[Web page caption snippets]
::::

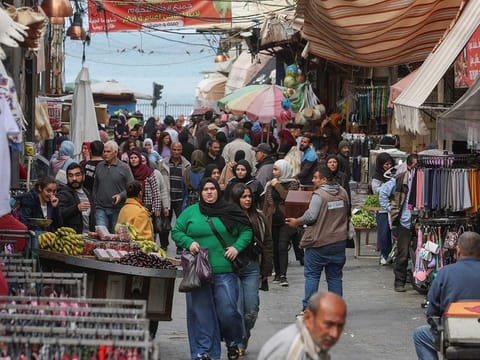 People shop at a souk ahead of the fasting month of Ramadan, in Sidon, Lebanon March 22, 2023.
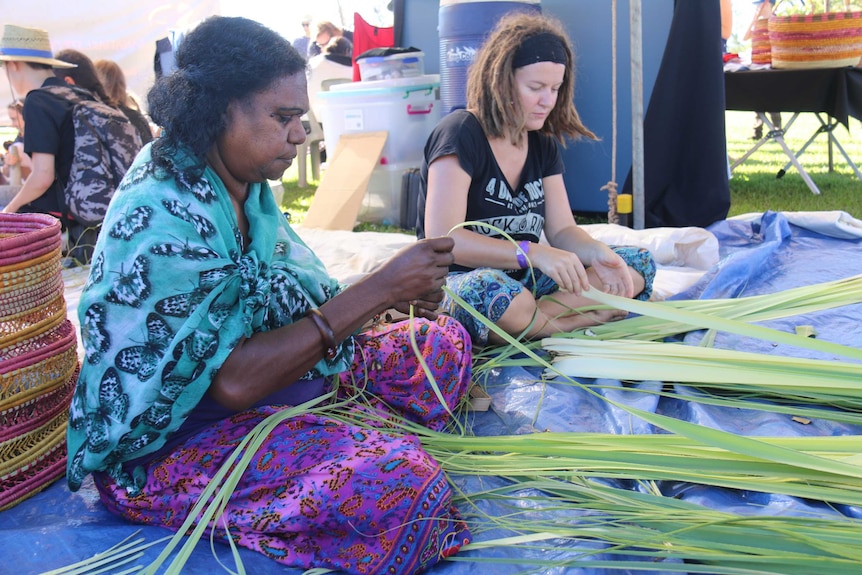 Miliwanga Sandy conducting basket weaving workshops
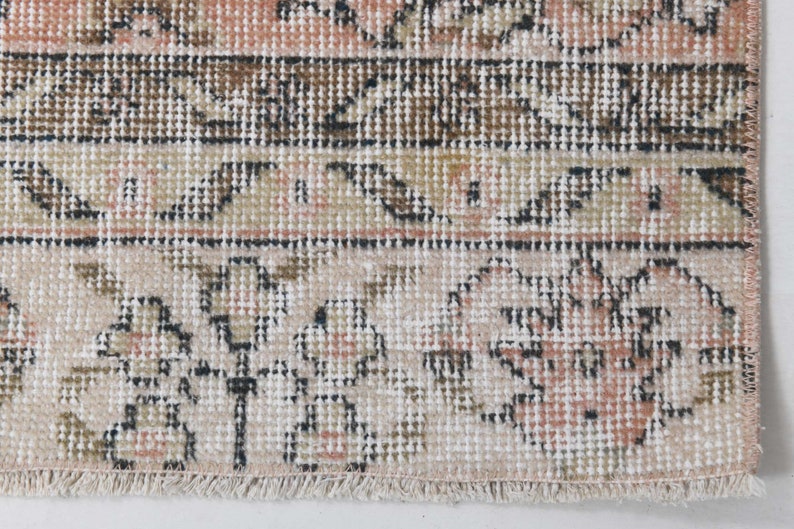 May include: Close-up of a cream-colored rug with a floral pattern in shades of brown, pink, and black. The rug has a fringe border.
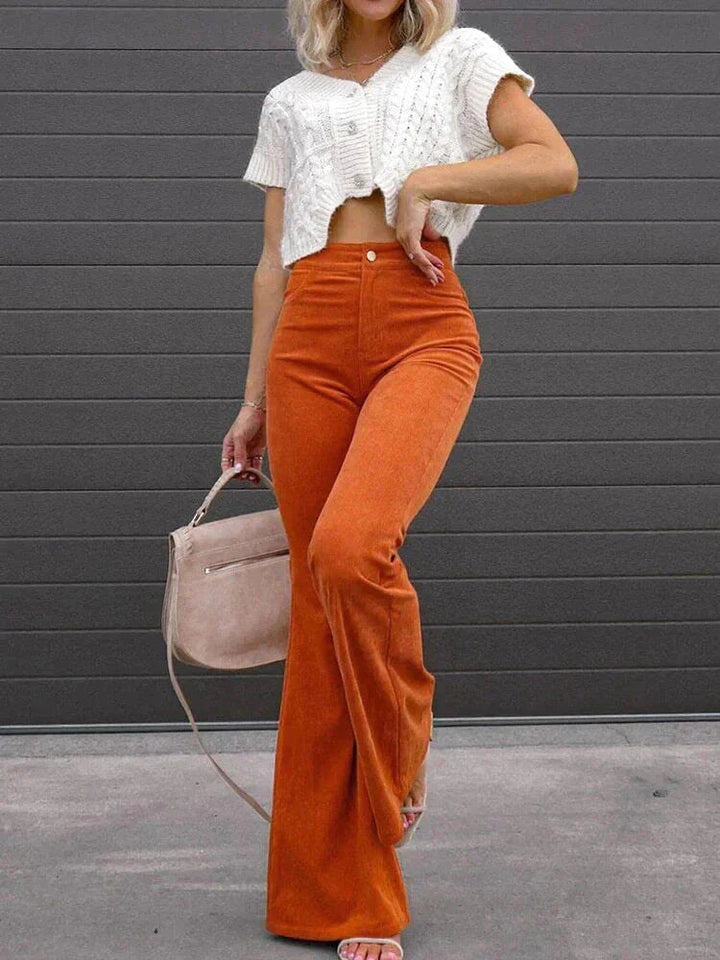 Dark blue women's flare pants, high-waisted with functional pockets for work & casual wear.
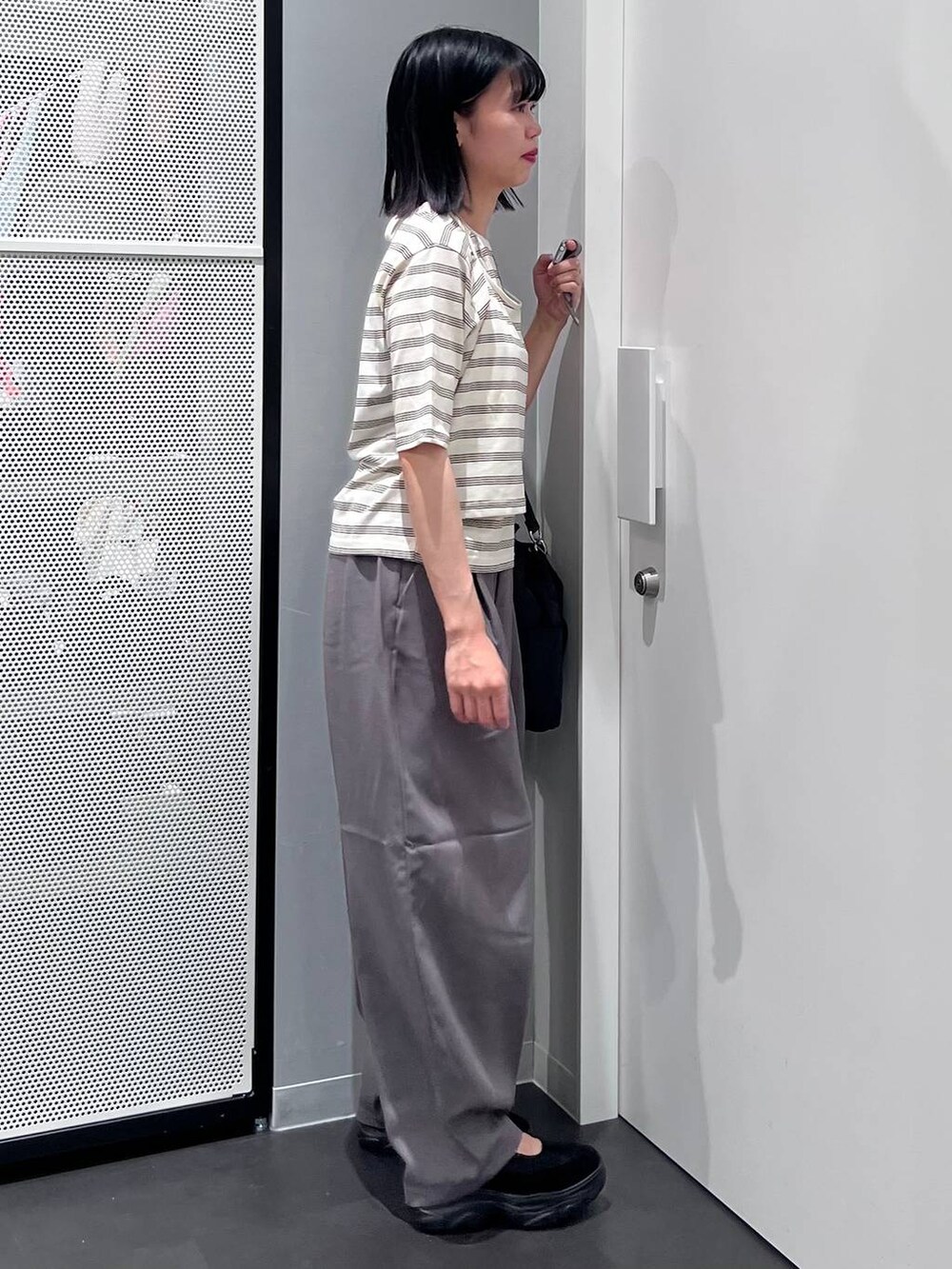 ブラック系のハンドバッグ、グレー系のスラックス、ベージュ系のTシャツ/カットソーを着用したレディースの夏コーディネートの3枚目の写真
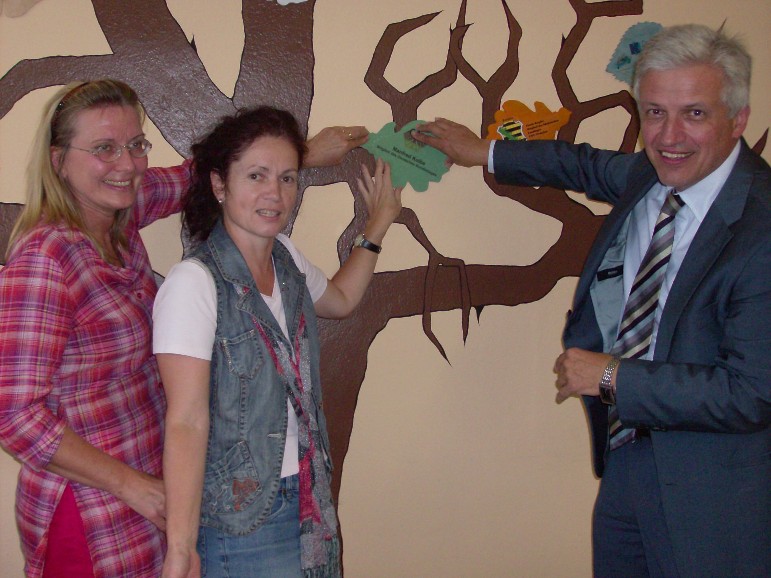 Ulrike Brucks, Sybille Zugowski und Manfred Kolbe kleben das Patenblatt an den Patenbaum des MGH Dommitzsch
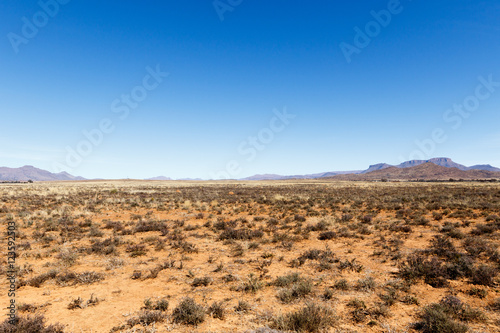 Barren field with mountains and blue sky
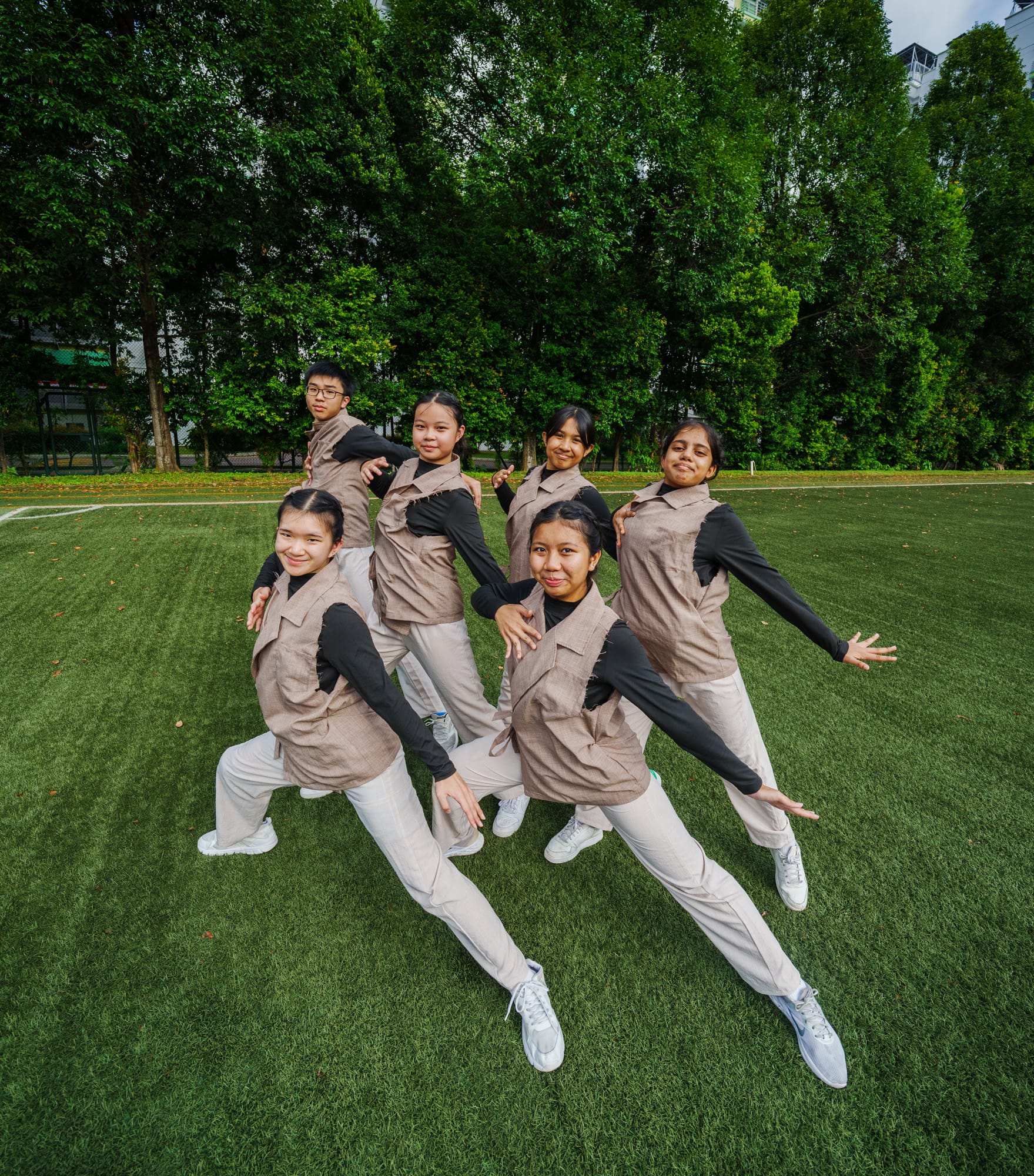 Six youth in matching tan vests and black tops strike dance poses on a green field with trees behind them.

::::

-- Task description --
Locate "Dark blue women's" in the entries above. Copy, exactly and only, the lines from that line to the end, leaving out the pictures.

-- Completed exercise --
 Dark blue women's flare pants, high-waisted with functional pockets for work & casual wear.
 ブラック系のハンドバッグ、グレー系のスラックス、ベージュ系のTシャツ/カットソーを着用したレディースの夏コーディネートの3枚目の写真
 Ulrike Brucks, Sybille Zugowski und Manfred Kolbe kleben das Patenblatt an den Patenbaum des MGH Dommitzsch
 Barren field with mountains and blue sky
 Six youth in matching tan vests and black tops strike dance poses on a green field with trees behind them.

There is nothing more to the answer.